We could now estimate wages for values of years of experience that we didn't have measurements for.

This is an estimate, but the more points we use and the more features we have in our dataset the better the regression results will be.

### Setting up Regression

For a simple dataset we can perform regression by following these steps:

1. Load dataset
2. Encode label features as numbers
3. Normalize the data
4. Separate the outcome variable(s) (not scaled) and the feature variables (scaled)
5. Create a regression model
6. Run model on input data and 
7. Measure error

## Diamond Prices

Let's use the dataset from last week to set up a diamond price estimator.

Steps 1 - 3 should look familiar, and they've been pasted below:

In [None]:
## 1. Load Dataset
DIAMONDS_FILE = "https://raw.githubusercontent.com/PSAM-5020-2025F-A/5020-utils/main/datasets/json/diamonds.json"

# Read into DataFrame
diamonds_data = object_from_json_url(DIAMONDS_FILE)
diamonds_df = pd.DataFrame.from_records(diamonds_data)


## 2. Encode non-numeric values
cut_order = ['Fair', 'Good', 'Very Good', 'Premium', 'Ideal']
color_order = ['J', 'I', 'H', 'G', 'F', 'E', 'D']
clarity_order = ['I1', 'SI2', 'SI1', 'VS2', 'VS1', 'VVS2', 'VVS1', 'IF']

diamond_encoder = OrdinalEncoder(categories=[cut_order, color_order, clarity_order])

ccc_vals = diamond_encoder.fit_transform(diamonds_df[["cut", "color", "clarity"]].values)
diamonds_df[["cut", "color", "clarity"]] = ccc_vals


## 3. Normalize the data
diamond_scaler = StandardScaler().set_output(transform="pandas")
diamonds_scaled_df = diamond_scaler.fit_transform(diamonds_df)

### Chose Features

Now we separate the outcome variable values and the independent variables.

Let's start simple and use only one feature: `carat`.

In [None]:
## 4. Separate the outcome variable and the independent variables
prices = diamonds_df[["price"]]
carats = diamonds_scaled_df[["carat"]]

# Plot the variables, just for checking
plt.scatter(carats, prices, marker='o', linestyle='', alpha=0.3)
plt.xlabel("carat")
plt.ylabel("price")
plt.show()

### Model

Let's setup and create a linear regression model.

We'll use the [LinearRegression](https://scikit-learn.org/stable/modules/generated/sklearn.linear_model.LinearRegression.html) object from the `Scikit-Learn` library.

Once we create an instance of a `LinearRegression` object, we can use its `fit()` function to compute the relationship between `price` and `carat` values.

In [None]:
## 5. Create a LinearRegression object
price_model = LinearRegression()

# Create a model that relates price of diamonds to their carat value
price_model.fit(carats, prices)

We can do the creation and fitting in one line like this:

In [None]:
## 5. Create a LinearRegression object and fit with the training data
price_model = LinearRegression().fit(carats, prices)

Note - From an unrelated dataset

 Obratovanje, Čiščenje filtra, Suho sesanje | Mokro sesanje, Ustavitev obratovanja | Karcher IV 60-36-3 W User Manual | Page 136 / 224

These are the $\beta$ parameters that the model calculated for our line of best fit:

In [None]:
price_model.coef_, price_model.intercept_

### Evaluate

It's really rare for a model to perfectly capture all of the subtleties of a dataset. Models try to capture trends in the data and not all data in a dataset is gonna fit a trend.

When we run `predict()` on a dataset some/most of the predictions are gonna be off. Since we have the real values and the predicted values we can calculate how far off the predictions are.

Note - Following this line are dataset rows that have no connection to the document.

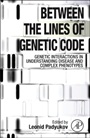 Between the Lines of Genetic Code: Genetic Interactions in Understanding Disease and Complex Phenotypes - ISBN 9780123970176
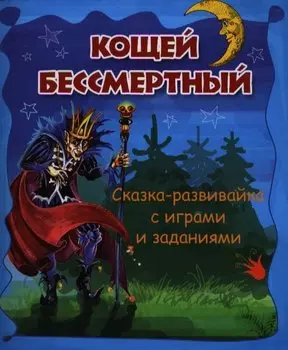 Кощей Бессмертный: сказка-развивайка с играми и заданиями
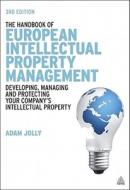The Handbook Of European Intellectual Property Management di Adam Jolly, Jeremy Philpott edito da Kogan Page Ltd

The simplest and most obvious way to do this is to feed the features from our dataset back into our model, but this time, instead of using them to train our model, we'll compare the computed prediction values to the actual known values of the outcome variables in our dataset.

One way to formally quantify this process is to calculate the *Mean Squared Error* of our predictions, or, the average of the squares of individual errors.

It's calculated using the known values for the outcome variable $Y$, and the predicted values from our model $\hat{Y}$. For each prediction, we subtract the predicted value from the known value and square this difference. We do this for every predicted value, and sum all of these squared errors before dividing by the total number of predictions.

It can be expressed as:

$\displaystyle \frac{1}{n} \sum_{i=1}^{n}\left(Y_i - \hat{Y}_i \right)^{2}$

Luckily, the `regression_error()` function does this for us when given the $2$ lists of outcome values, $Y$ and $\hat{Y}$.

In [None]:
## 6. Run the model on the training data
predicted_prices = price_model.predict(carats)

## 7. Measure error
regression_error(diamonds_df["price"], predicted_prices)

### Result

Hmmm.... what this means is that on average our model is wrong by $\$1388$ dollars.

We can plot our predictions with the original data:

In [None]:
# Plot the original values
plt.scatter(carats, prices, marker='o', linestyle='', alpha=0.3)
plt.xlabel("carat")
plt.ylabel("price")

# Plot the predictions
plt.scatter(carats, predicted_prices, color='r', marker='o', linestyle='', alpha=0.05)
plt.xlabel("carat")
plt.ylabel("price")
plt.show()

Another way to plot this is to draw the line between the predicted values for `carat.min()` and `carat.max()`:

In [None]:
# Plot the original values
plt.scatter(carats, prices, marker='o', linestyle='', alpha=0.3)
plt.xlabel("carat")
plt.ylabel("price")

# Plot the line of best fit
c0,c1 = carats.min(), carats.max()
p0,p1 = price_model.coef_[0]*c0 + price_model.intercept_[0], price_model.coef_[0]*c1 + price_model.intercept_[0]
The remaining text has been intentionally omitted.